_Entries supplied_
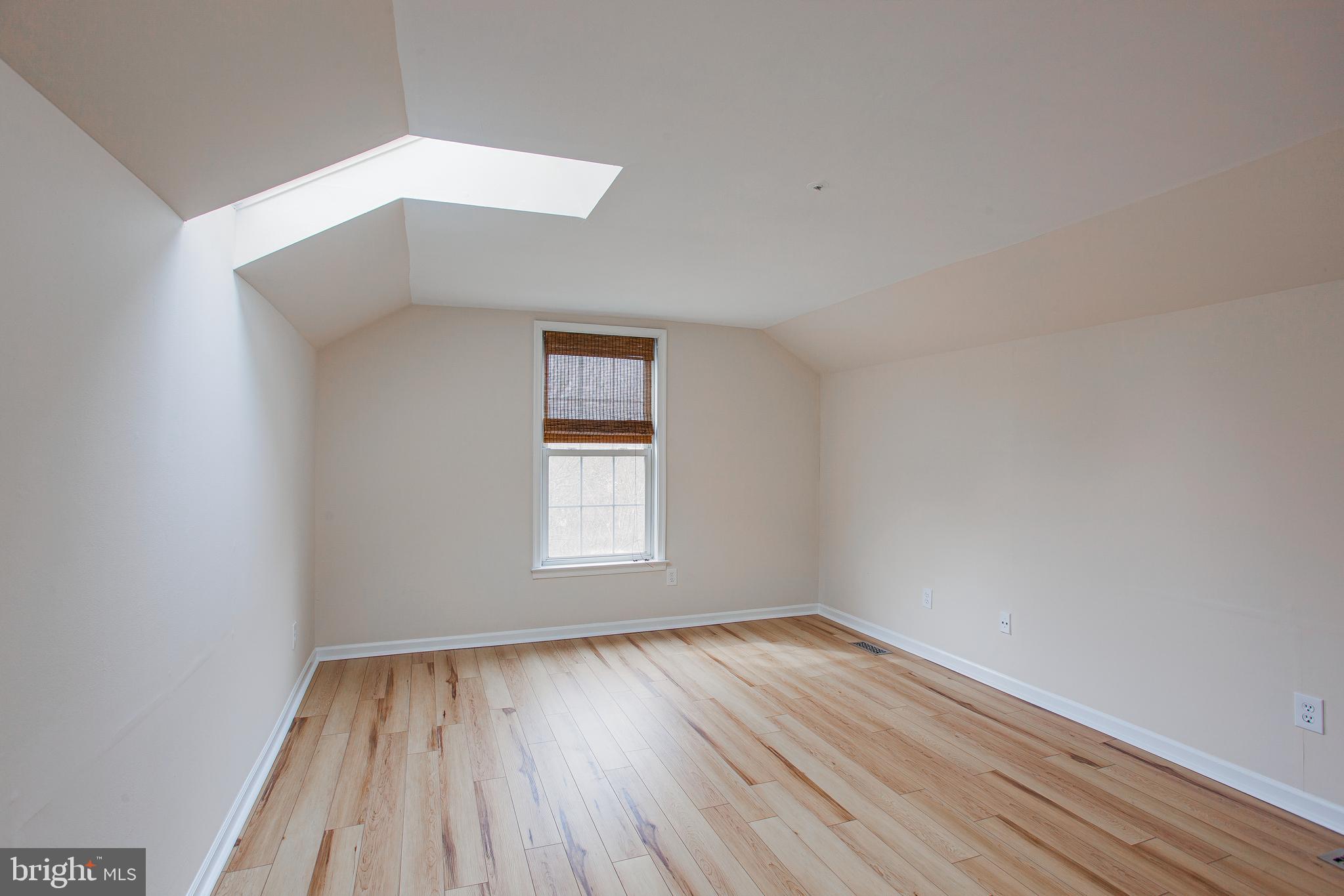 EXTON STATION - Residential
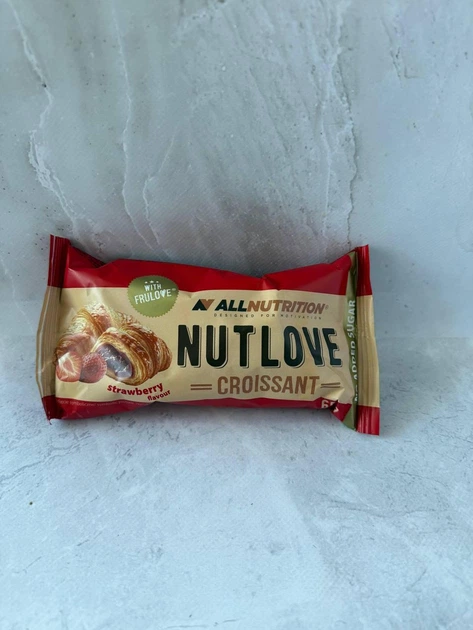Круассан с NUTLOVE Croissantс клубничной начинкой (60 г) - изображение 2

* * *

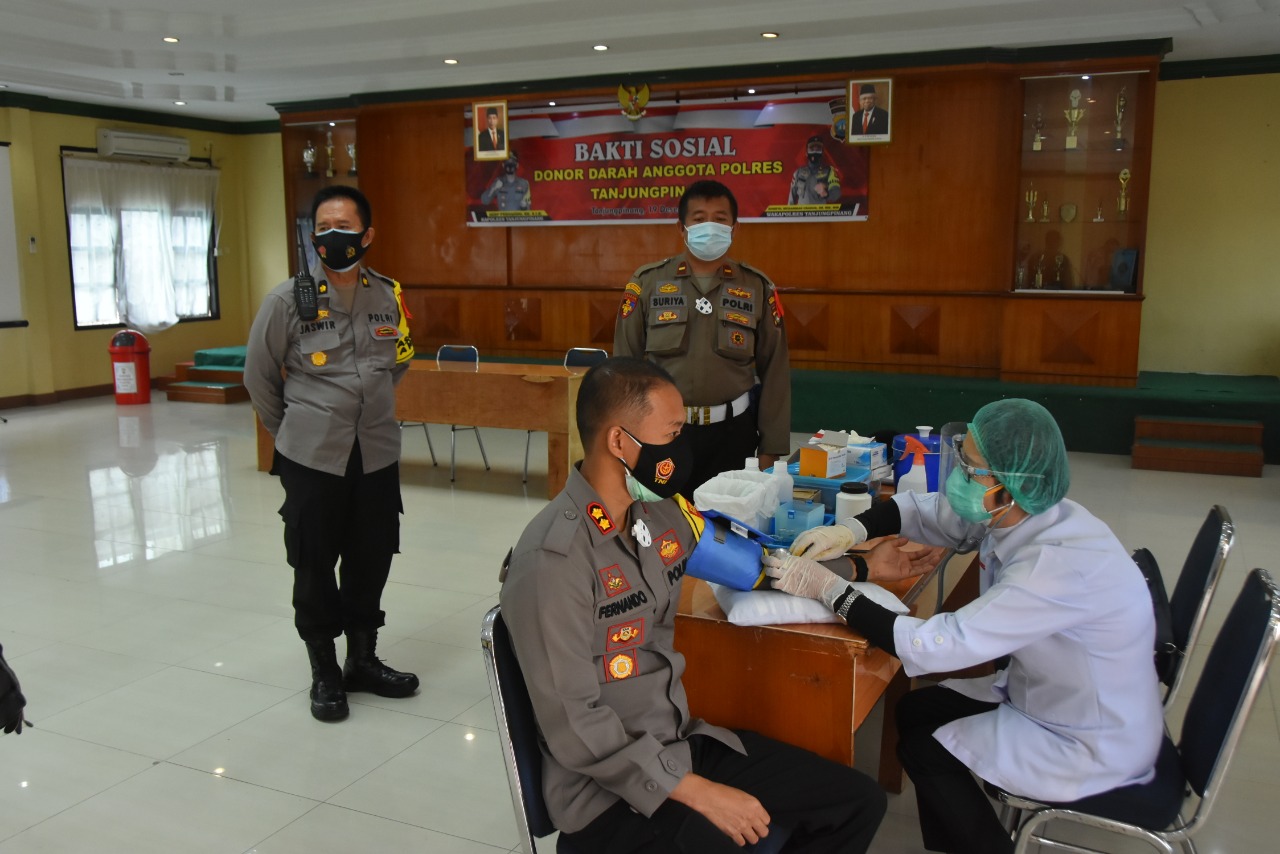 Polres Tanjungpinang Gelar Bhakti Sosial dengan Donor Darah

_Task_
The answer must be the lines above from the one containing "EXTON STATION - Residential" through the one containing "Круассан с NUTLOVE", reproduced exactly, with no pictures and nothing else.

_Response box_
 EXTON STATION - Residential
Круассан с NUTLOVE Croissantс клубничной начинкой (60 г) - изображение 2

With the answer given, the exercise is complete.